Why create a uniquely designed, fully illustrated version of Edgar Rice Burroughs' famous classic? Because it has never been done before! In the 1970’s, Frank Frazetta’s masterful cover work, accompanied by a handful of small ink illustrations, brought the Martian series to life for a new generation of Bookclub readers. Many artists—before and after Frazetta—have created their own version of Burroughs' Mars, including recent comic book adaptations, but no one has created a total vision for the book, A Princess of Mars, itself. That is exactly what I am doing.
I wish I could claim that the idea came to me while standing outside at night on my terrace, looking up at the starry sky with my arms outstretched to the red planet. But in reality, I was distractedly watching a soccer game while trying to come up with a major project that would represent the standards of excellence for which Dream Tower Media stands. I had loved the Mars novels since first reading them about twenty years ago, and illustrating scenes or characters from the book had crossed my mind. But that night, three reasons inspired me to move forward. Firstly, A Princess of Mars is a fantastic fantasy adventure with a strange picturesque setting and a beautiful exotic princess, ideal subject matter for an illustrator. Secondly, the book is in public domain, which removes a number of obvious obstacles. Thirdly, Edgar Rice Burroughs authority, Ryan Harvey, had recently been a guest on my Literary Wonder & Adventure Show. Our discussion had further fanned the flame of my love for those books.
Despite the work that would be involved in such an undertaking, it was an easy decision to make. Soon after, I contacted Ryan about doing an extended introduction to the book. He was excited about the idea, and I’m very excited to read what he’ll have to say.
So what can you expect from Zoltan's Dream Tower Media edition of A Princess of Mars?

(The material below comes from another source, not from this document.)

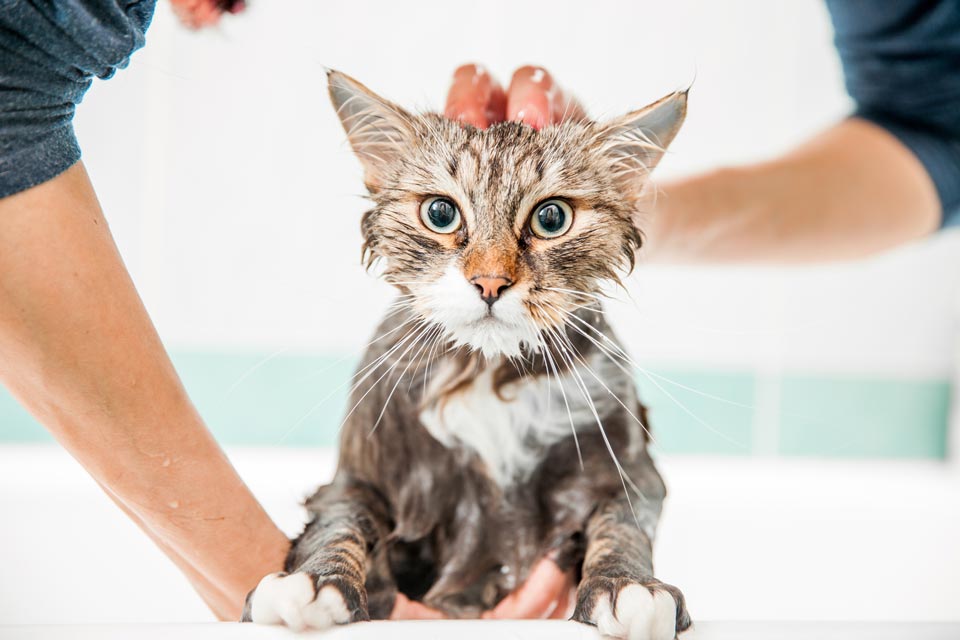 Learn when a cat needs to visit a groomer.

When I re-read A Princess of Mars as research for the creation of this new edition, what struck me most was how incredibly romantic it was. It was romantic, not only in a big sense of the word, Romance, as in sweeping poetic atmosphere and scope, but also romantic in the more common usage of a powerful attraction turning to devotion turning to deep love, between John Carter and Dejah Thoris. I'm not ashamed to say that I actually found myself getting choked up during a scene between the two lovers. If one can’t get choked up about true love, what can one get choked up about?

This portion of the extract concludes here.